At minimum, companies could be required to disaggregate employee compensation, depreciation and amortization from all expense captions presented on the face of the income statement. This could be supplemented by a break out of any remaining expenses using a qualitative threshold or principle. They could be required to break out expenses that result from the derecognition of sold inventory such as cost incurred that are capitalized during the period, including purchases, employee compensation, depreciation, amortization and others, rather than disaggregating pure expenses recognized.
“On conference calls companies are talking about short-term inflationary impacts on labor costs, raw material, transportation costs…so companies have the information,” FASB member Gary Buesser said. “And it’s really needed by investors to better understand the company’s incremental operating profit margin analysis – some people call it fixed versus variable, it’s looking at ‘can I move the company better, better understand the margin structure’ and make better forecasts in the future,” he said.

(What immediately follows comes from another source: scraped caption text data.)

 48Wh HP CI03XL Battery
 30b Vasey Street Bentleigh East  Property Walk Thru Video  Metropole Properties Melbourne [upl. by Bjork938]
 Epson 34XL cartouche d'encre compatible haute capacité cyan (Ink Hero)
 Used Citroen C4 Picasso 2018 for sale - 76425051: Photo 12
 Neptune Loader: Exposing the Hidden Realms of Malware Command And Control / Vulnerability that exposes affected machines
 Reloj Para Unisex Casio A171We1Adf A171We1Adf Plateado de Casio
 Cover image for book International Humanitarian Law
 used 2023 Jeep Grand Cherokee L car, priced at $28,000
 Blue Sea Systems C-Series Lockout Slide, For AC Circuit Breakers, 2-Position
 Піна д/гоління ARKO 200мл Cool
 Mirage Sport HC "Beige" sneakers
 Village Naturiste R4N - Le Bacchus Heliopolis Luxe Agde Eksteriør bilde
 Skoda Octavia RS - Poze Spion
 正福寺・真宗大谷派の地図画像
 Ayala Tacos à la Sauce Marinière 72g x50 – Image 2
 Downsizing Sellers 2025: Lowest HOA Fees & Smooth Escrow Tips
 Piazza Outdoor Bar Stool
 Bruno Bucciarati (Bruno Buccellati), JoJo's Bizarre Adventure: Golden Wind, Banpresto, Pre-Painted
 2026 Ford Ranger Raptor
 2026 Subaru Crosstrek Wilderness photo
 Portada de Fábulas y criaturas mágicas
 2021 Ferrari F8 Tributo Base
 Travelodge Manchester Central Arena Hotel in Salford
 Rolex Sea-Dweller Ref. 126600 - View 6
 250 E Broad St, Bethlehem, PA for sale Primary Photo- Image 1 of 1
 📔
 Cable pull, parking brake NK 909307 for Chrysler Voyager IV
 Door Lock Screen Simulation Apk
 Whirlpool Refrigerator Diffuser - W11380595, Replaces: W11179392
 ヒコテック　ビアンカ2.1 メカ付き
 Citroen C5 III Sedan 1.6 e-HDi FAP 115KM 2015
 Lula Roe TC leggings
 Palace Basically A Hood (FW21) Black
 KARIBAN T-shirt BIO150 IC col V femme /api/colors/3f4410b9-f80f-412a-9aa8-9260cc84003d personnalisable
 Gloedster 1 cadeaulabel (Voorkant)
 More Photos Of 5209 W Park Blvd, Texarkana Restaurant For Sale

The discussions were specific to the board’s project, “disaggregation of income statement expenses,” a topic investors flagged as one that it should make a top priority. The scope of the project includes the following expense captions: (a) selling, general, and administrative (SG&A) expenses, (b) cost of services and other cost of revenues, and (c) cost of tangible goods sold.
But what is the best approach to tackle the topic? FASB had asked it of its advisory bodies and got an earful.
During the July 27 discussions, FASB members said they favored an alternative approach floated by staff that would move U.S rules closer to IFRS, pointing out the IASB has a project to revise financial statement information, much of which is interrelated, and that they could learn from.
“For reference, we understand that certain entities applying IFRS today, may be presenting employee compensation, depreciation and amortization costs incurred, rather than expenses recognized in total,” consistent with the example that exists in paragraph 102 of International Accounting Standard (IAS) 1, Presentation of Financial Statements, FASB staff told the board. Focusing on cost incurred and capitalized into inventory “potentially avoids issues that we’ve heard about in the past associated with cost that loose their natural identify when they are capitalized into inventory.”
Board members pointed out that efforts to disaggregate income statement expenses would ultimately require systems changes for some companies, resulting in added costs, including audit costs. Other insights surrounded the need to require more consistency in financial reports, which means differentiating different types of costs explicitly.
“One of the challenges for me in this project was I can pull 10 income statements and they all look differently,” Chair Richard Jones said. “And it would be great if everyone I pulled had a line item called SG&A – unfortunately they don’t,” he said. “And we have some folks who are doing very good disclosure today right on the face of the income statement by nature, we have others who do it by function, we have some who have chosen different caption for those functions, and we’re attempting to come up with a one size fits all standard that can be applied.”
Jones said trying to write a principle “sounds great until we try to write the principle and actually see if people can understand it—so I am supportive of the alternative approach.”